«Gli sbarchi? Una minaccia per il turismo»

«Gli sbarchi? Una minaccia per il turismo»

Lampedusa, Sardegna. Gli sbarchi danneggiano. «Anche il turismo ne paga le conseguenze». Michela Vittoria Brambilla, ministro del Turismo, spiega come l’immigrazione incroci i suoi destini con una voce di guadagno fondamentale per l’Italia. E non succede solo lungo le coste, o nelle isole d’approdo dei disperati: è un fenomeno che tocca anche le grandi città. «Ci sono implicazioni importanti».
Di che tipo?
«Innanzitutto bisogna distinguere fra immigrazione legale e clandestina. Quella regolare ovviamente non produce effetti negativi sul nostro turismo, anzi. Spesso le strutture alberghiere e ricettive trovano ottimi collaboratori fra gli immigrati: sono un supporto importante».
In che percentuale sono impiegati?
«Circa il 10 per cento. Spesso svolgono occupazioni per cui è difficile trovare personale fra gli italiani».
Che cosa succede con l’immigrazione clandestina?
«Dilaga ovunque, e non mi riferisco soltanto a chi sbarca a Lampedusa ma, anche, ai moltissimi che entrano via terra. Ecco, questo dilagare contribuisce ad alimentare un clima di insicurezza nelle grandi città, a causa della microcriminalità diffusa: scippi, furti, rapine».
E come influisce sul turismo?
«I visitatori cambiano meta, i tour operator dirottano i clienti su altre destinazioni meno insicure».
Quali località sono colpite?
«Tutte le grandi città metropolitane. Ma anche le aree di vacanza: in agosto i clandestini si spostano sulle coste, soprattutto quelle del Centro Nord. Quindi è un fenomeno che tocca tutto il territorio».
Come avete rilevato questa minore attrazione delle città sui visitatori?
«Sono le imprese turistiche a segnalarci episodi critici, o il degrado di certi quartieri. L’altro giorno ero a Padova e sono stata sommersa dalle segnalazioni.

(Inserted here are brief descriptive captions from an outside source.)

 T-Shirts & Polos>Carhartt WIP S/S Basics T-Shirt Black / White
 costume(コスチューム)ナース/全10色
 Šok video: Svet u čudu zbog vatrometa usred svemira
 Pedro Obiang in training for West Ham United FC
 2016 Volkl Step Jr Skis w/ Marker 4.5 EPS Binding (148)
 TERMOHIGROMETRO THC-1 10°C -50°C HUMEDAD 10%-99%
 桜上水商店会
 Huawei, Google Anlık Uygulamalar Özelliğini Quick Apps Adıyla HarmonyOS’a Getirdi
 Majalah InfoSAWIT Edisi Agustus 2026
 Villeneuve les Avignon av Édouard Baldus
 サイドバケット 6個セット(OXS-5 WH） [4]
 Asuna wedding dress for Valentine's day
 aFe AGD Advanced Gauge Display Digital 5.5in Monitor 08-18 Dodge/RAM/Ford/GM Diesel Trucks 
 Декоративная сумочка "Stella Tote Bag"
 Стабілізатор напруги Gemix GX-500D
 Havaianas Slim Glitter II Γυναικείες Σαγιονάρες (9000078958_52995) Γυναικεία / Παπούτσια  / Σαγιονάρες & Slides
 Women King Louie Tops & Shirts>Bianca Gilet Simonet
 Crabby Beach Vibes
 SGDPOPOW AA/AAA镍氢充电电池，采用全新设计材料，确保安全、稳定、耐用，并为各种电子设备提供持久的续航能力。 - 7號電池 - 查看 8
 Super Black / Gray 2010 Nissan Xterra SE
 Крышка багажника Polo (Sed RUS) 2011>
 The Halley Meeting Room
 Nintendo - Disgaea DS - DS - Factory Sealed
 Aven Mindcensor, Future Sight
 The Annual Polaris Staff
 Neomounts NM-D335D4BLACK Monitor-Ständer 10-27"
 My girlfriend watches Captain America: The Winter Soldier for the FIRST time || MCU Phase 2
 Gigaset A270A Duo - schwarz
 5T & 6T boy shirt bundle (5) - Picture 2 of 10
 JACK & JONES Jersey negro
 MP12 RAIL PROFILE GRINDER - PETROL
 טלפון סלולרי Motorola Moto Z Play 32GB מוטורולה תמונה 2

D’altronde il turismo è la prima voce del Pil per la città».
Segnalazioni di che genere?
«La città è percepita sempre più come insicura, per colpa di spaccio e microcriminalità. I locali chiudono alle 8, non si riesce a mettere il naso fuori di casa, nemmeno nel centro storico. La bellezza del luogo è degradata, i turisti non vengono più volentieri».
Le lamentele da chi arrivano?
«Dalle imprese, dalle associazioni di categoria, dai cittadini. Sono canali spontanei: il turismo è impresa, quindi ci confrontiamo con gli operatori sul territorio, che conoscono la realtà. E in certi casi, come a Padova, le rimostranze sono forti».
Anche le conseguenze sul turismo sono così forti?
«Per ora il fenomeno è contenuto: ma, proprio per questo, l’azione del governo era fondamentale, per fermare sul nascere problemi maggiori».
È preoccupata?
«Ora non più. La strada intrapresa dal governo è quella giusta».
Altre località danneggiate? Lampedusa, per esempio?
«In questo caso il danno è di tipo diverso: non riguarda la presenza di clandestini che crea insicurezza, come nelle grandi città; è un danno d’immagine».
È comunque negativo per il turismo?
«Certo. A Lampedusa non ci sono clandestini in giro, l’isola è sicura, ma i flussi ormai sono associati al suo nome. Il danno è notevole. Perciò stiamo studiando una campagna di promozione dell’immagine dell’isola, per compensare i disagi subiti».


Altre mete di mare hanno lo stesso problema?
«Lampedusa, purtroppo, è in cima alla classifica. Ma l’Italia ha 8mila chilometri di coste... Siamo particolarmente esposti. Perciò è necessario intervenire con fermezza».